Problem statement:
Copy out the lines beginning with the one that contains "Stainless steel jewelry" and ending with the last line below, exactly as they stand. Pictures are not copied.

───── Working data ─────

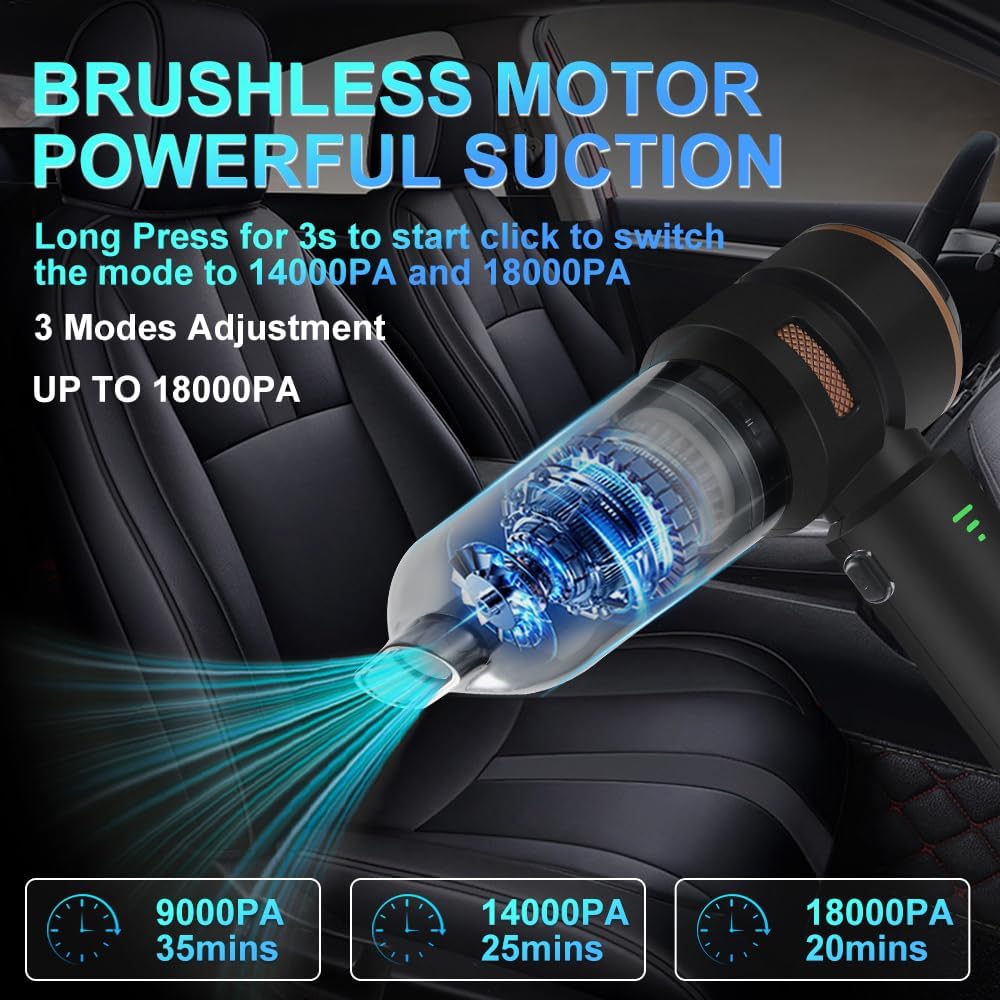 Handheld Car Vacuum 18000PA, 4-in-1 Mini Vacuum Cleaner Portable Cordless, Air Blower, High Power Air Duster with Brushless Motor, Suitable for Car, Home, Pet, Office, Camping (Golden)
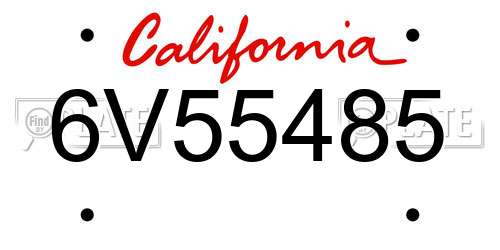 6V55485 California License Plate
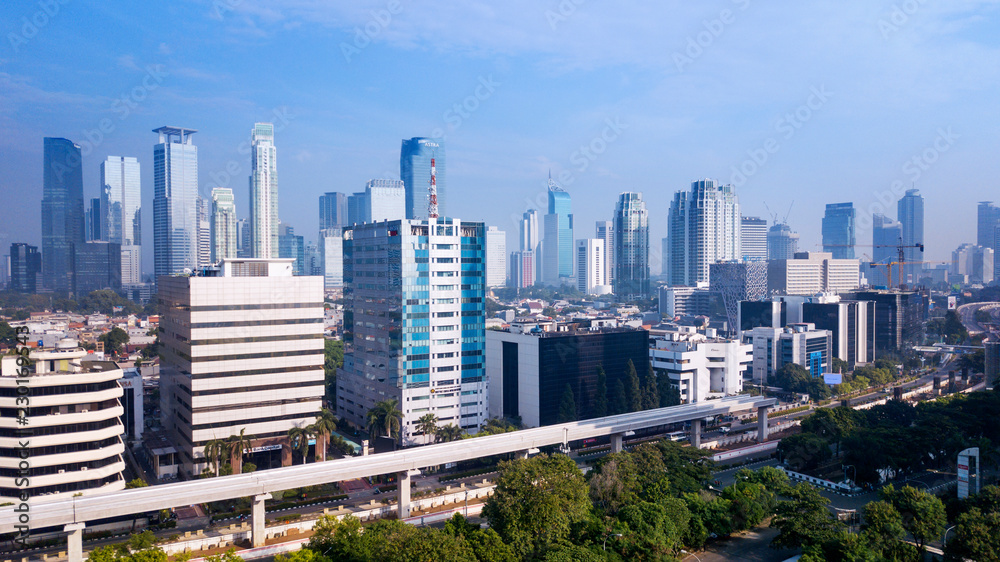 Modern buildings on the morning in Jakarta
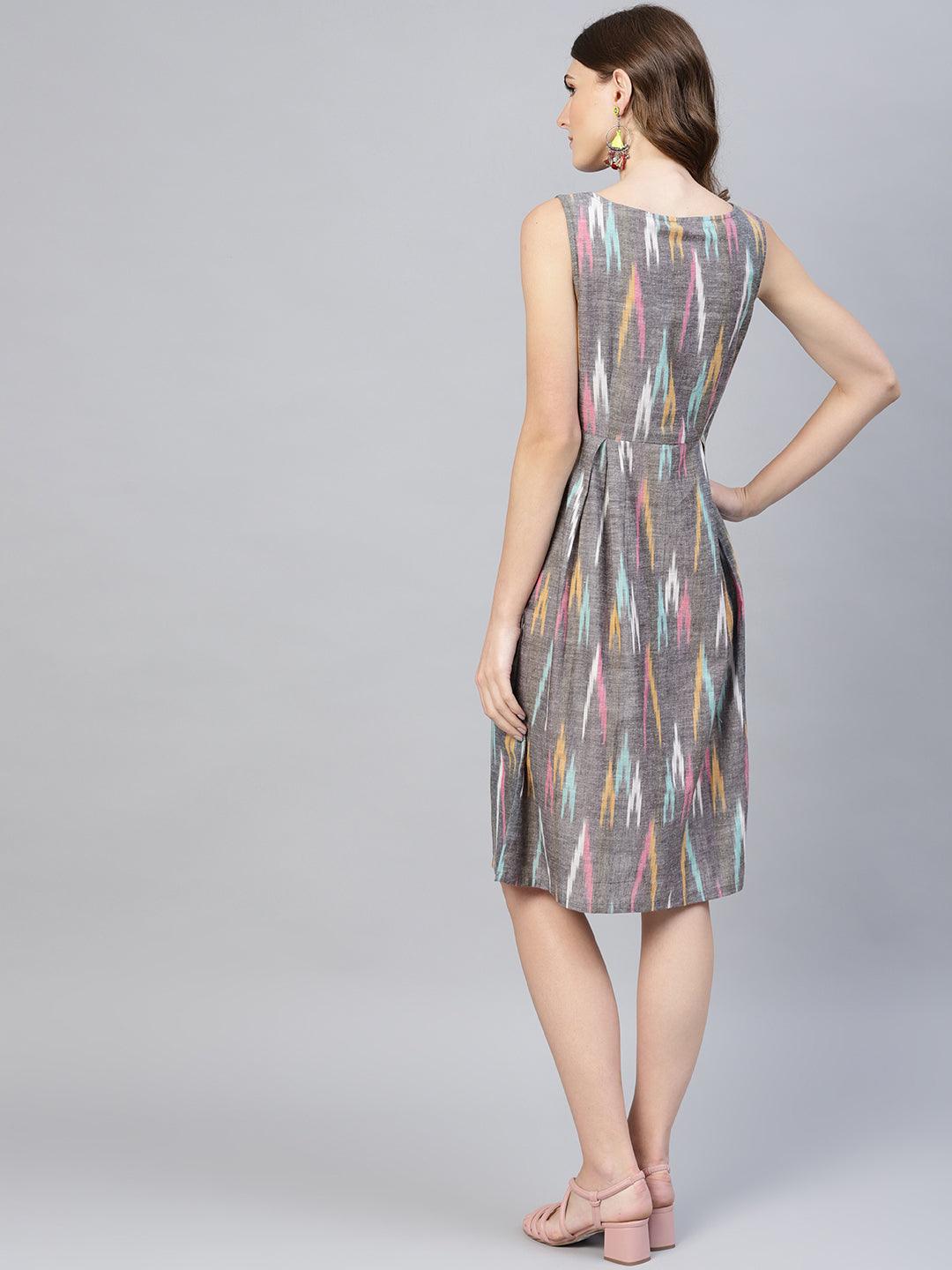 Grey Ikkat Printed Short Dress  (Fully Stitched) - Znxclothing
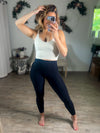 Holding Up Padded Workout Tank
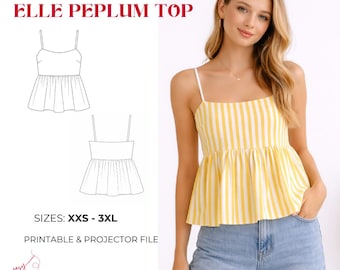 Patrón de costura ELLE para top peplum / Camiseta de tirantes de verano de corte relajado (descarga en PDF)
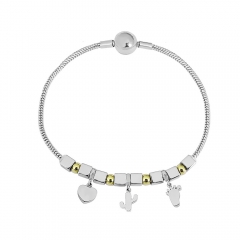 Stainless steel jewelry charms bracelet for women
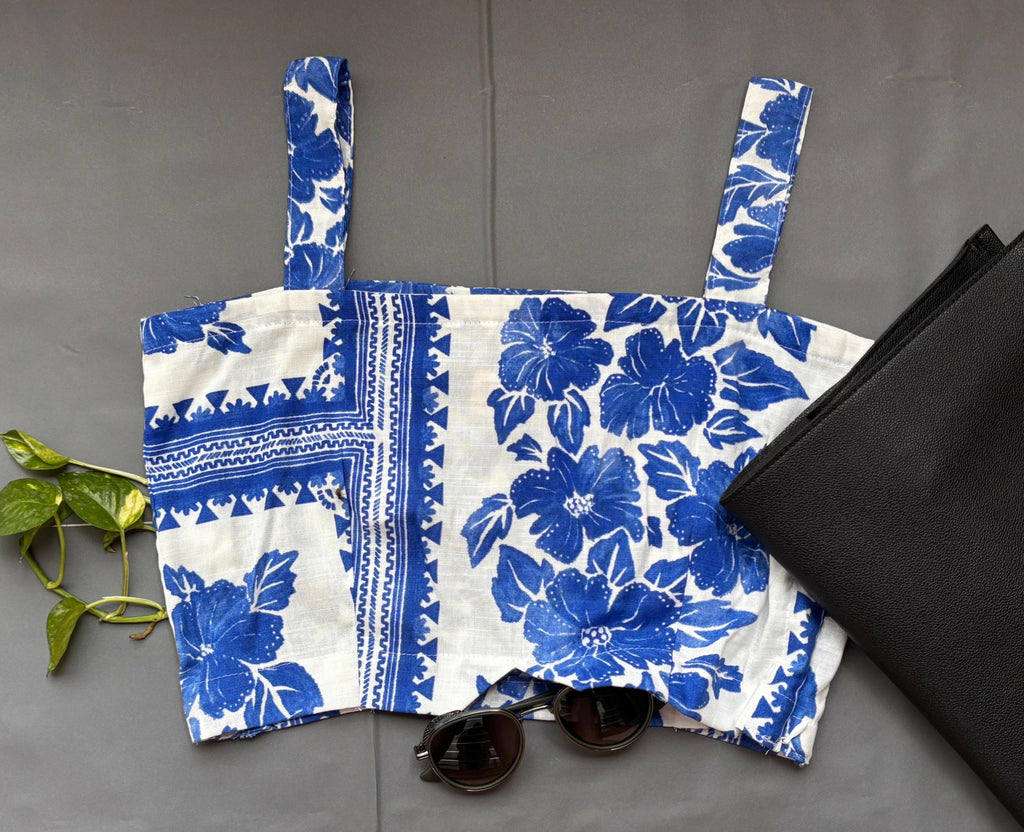 White & Blue Floral Crop Top and Pants Coord Set.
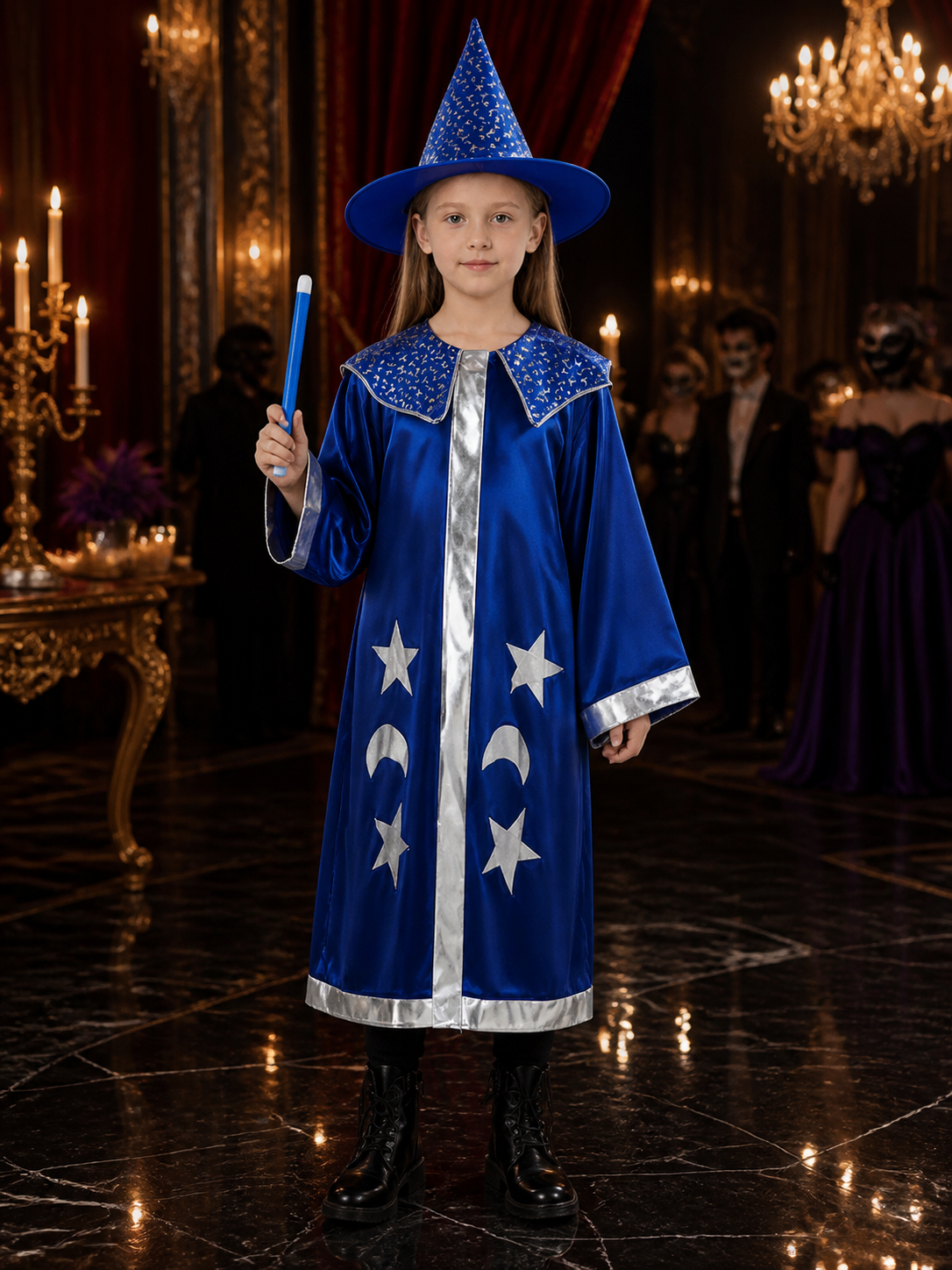 Wizard Costume Set with Blue Cape and Pointed Hat, Star and Moon Silver Trim for Costume Capes detail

─────

Exercise response:
 Stainless steel jewelry charms bracelet for women
 White & Blue Floral Crop Top and Pants Coord Set.
 Wizard Costume Set with Blue Cape and Pointed Hat, Star and Moon Silver Trim for Costume Capes detail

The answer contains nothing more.